▶ _Exercise aim_: No images, please. Copy each entry below exactly as it reads.

▶ _Stored data_:
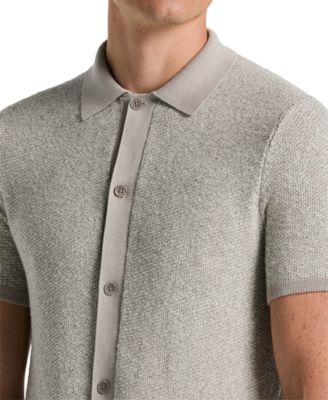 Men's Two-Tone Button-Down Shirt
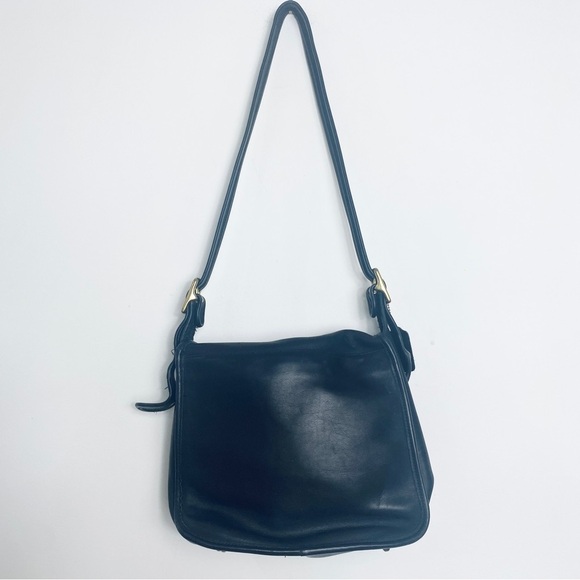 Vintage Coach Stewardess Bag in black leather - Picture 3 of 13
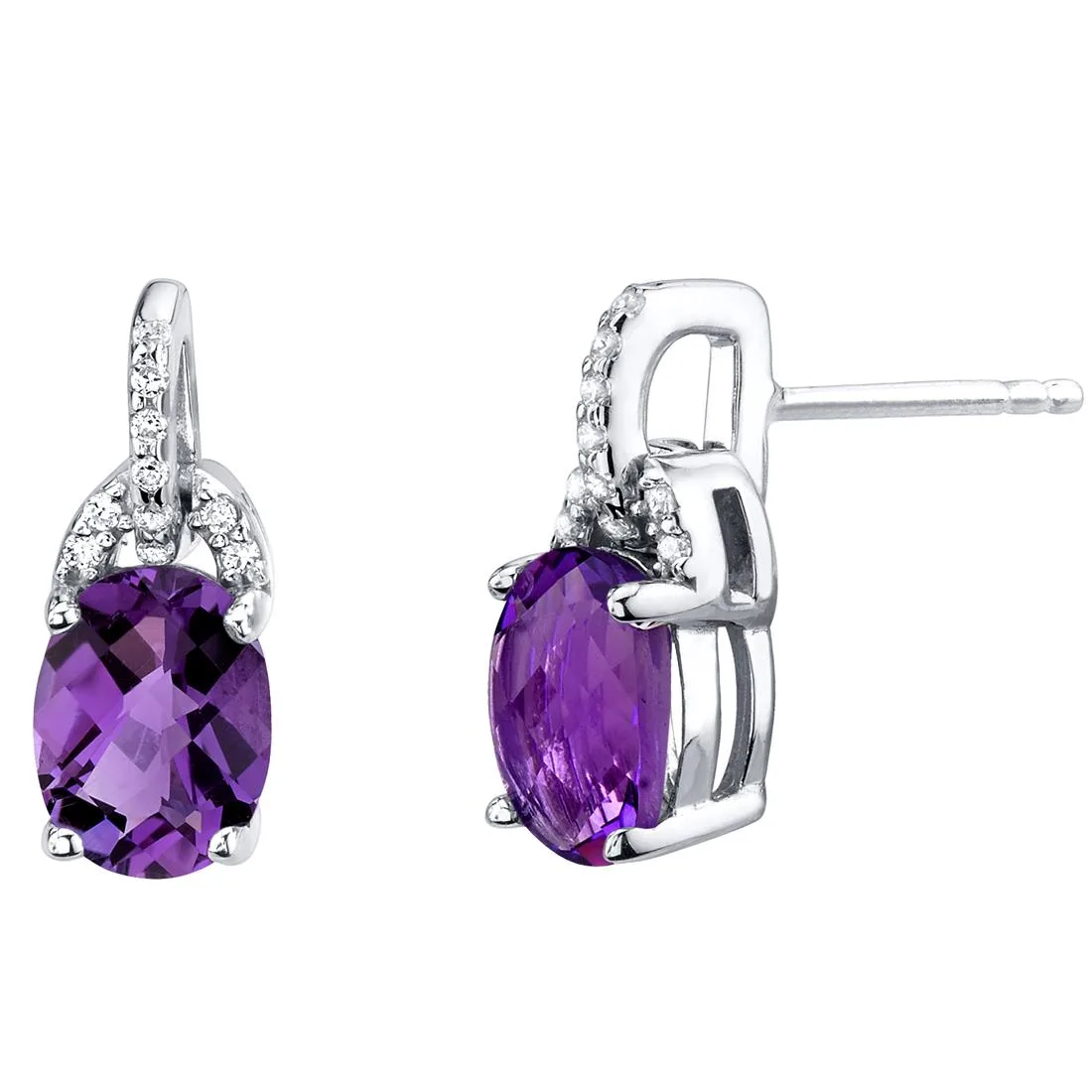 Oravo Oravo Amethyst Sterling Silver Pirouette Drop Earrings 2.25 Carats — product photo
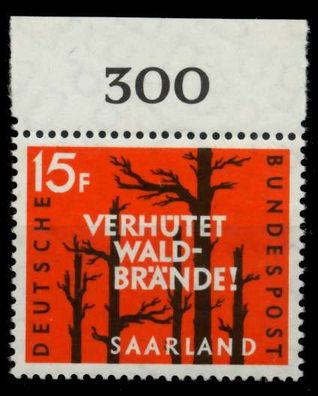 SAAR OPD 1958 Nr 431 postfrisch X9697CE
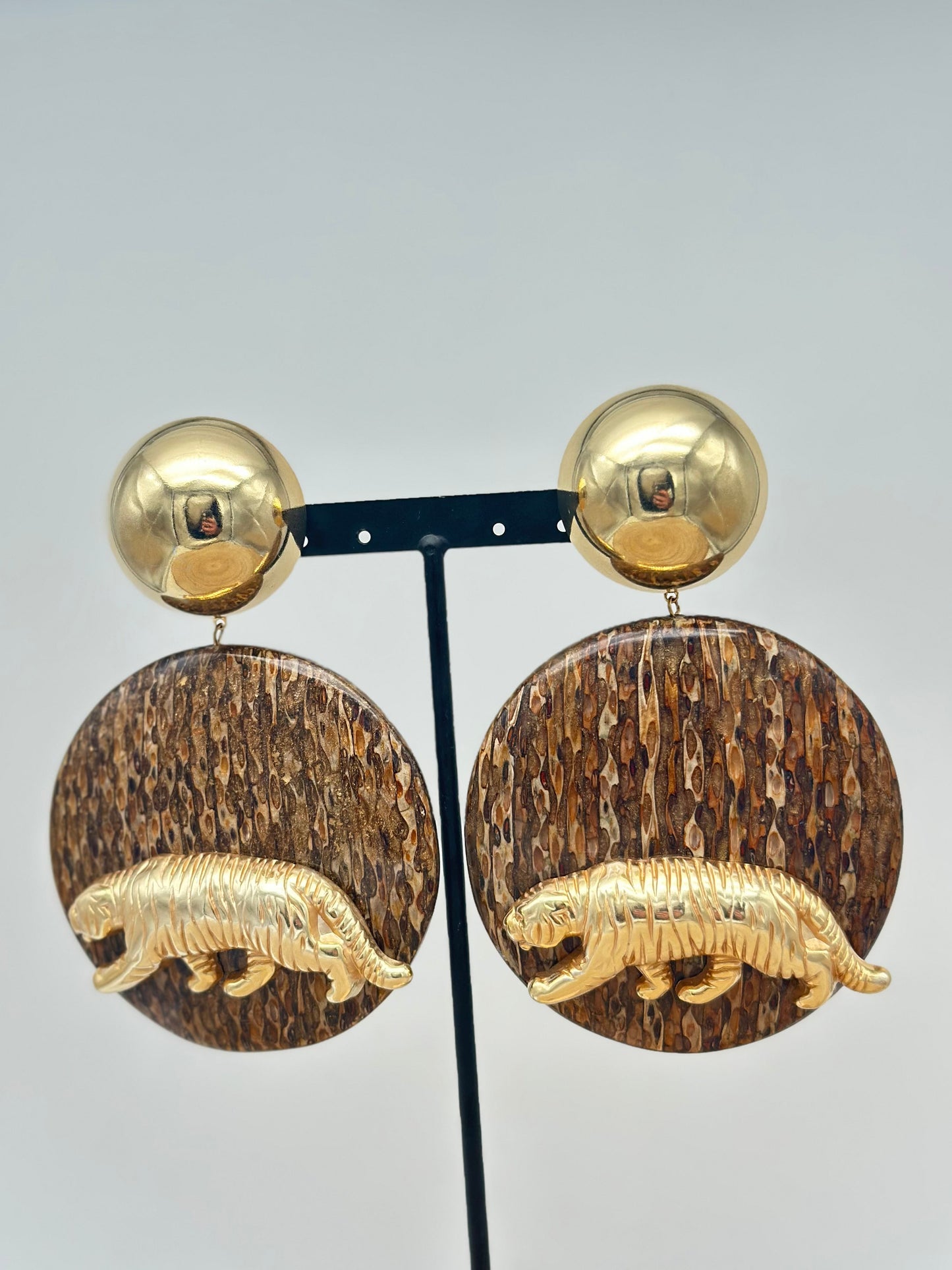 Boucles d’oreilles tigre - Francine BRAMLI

▶ _Solved problem_:
 Men's Two-Tone Button-Down Shirt
 Vintage Coach Stewardess Bag in black leather - Picture 3 of 13
 Oravo Oravo Amethyst Sterling Silver Pirouette Drop Earrings 2.25 Carats — product photo
 SAAR OPD 1958 Nr 431 postfrisch X9697CE
 Boucles d’oreilles tigre - Francine BRAMLI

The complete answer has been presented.